Jackson Comments On Gaming, Kong Sequel 58
GameDailyBiz has a piece detailing comments from Peter Jackson on next-gen gaming, and the possibility of another King Kong title. From the article: "'It'll be very interesting when a filmmaker creates a video game-based film experience that goes beyond what people thought it could be,' continued Jackson, who is executive producing the Halo film with special effects from the brilliant WETA team. 'For example, music videos were originally just musicians playing music while being recorded on video so people could watch them, but now they are elaborate short movies that do everything from interpret the song through the medium of visual art to communicating political statements.'"
Music videos - wrong (Score:4, Informative)
This is wrong.
Early music videos/films include "Strawberry Fields Forever" by The Beatles which wsa the fab four being arty in a field.
The canonical "first" music video was "Bohemian Rhapsody" by Queen which heralded the mega-bucks music videos of Duran Duran, and the launch of MTV. The Eighties bands competed with each other to be more and more extravagant.

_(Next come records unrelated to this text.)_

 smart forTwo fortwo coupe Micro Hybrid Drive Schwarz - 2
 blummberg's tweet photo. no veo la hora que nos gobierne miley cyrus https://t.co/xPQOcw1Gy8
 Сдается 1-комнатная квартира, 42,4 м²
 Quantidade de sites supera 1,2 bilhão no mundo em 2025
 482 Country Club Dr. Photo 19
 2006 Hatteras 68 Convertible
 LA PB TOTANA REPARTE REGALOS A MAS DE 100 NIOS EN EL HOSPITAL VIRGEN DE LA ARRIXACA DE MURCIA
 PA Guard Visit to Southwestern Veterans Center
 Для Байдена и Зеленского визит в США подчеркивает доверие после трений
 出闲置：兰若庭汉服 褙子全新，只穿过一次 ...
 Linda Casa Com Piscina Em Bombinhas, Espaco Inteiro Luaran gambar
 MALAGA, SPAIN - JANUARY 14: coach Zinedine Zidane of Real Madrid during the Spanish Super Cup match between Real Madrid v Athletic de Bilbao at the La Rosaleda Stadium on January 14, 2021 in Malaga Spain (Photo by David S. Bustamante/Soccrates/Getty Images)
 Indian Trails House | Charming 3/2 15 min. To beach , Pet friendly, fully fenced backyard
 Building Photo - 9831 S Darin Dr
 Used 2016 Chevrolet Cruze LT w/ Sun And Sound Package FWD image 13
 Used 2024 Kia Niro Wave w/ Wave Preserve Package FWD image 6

Live performance videos are really just a cheapskate way to make a video. The artists and not the record company pay for their own promotion, including having any videos comissioned. Decent directors for music videos command a high fee and film making in general is expensive if it is on a commercial basis. (and add 15% if you need liability insurance for your shoot).
You don't get much $ for having your video played on MTV, I think I got $150 for the two I had played on MTV Europe (albeit at 1am Sunday =)
Copyright license is not available (Score:3, Informative)
Just get busy making the Hobbit, please.
It won't happen until at least 2024 in Canada, and then you won't get to see it in the United States until 2033 or in Europe and Australia until 2044. I seem to remember reading that Tolkien Enterprises is not likely to authorize film prequels because Christopher Tolkien didn't like the story changes in the 2000s film adaptation of The Lord of the Rings.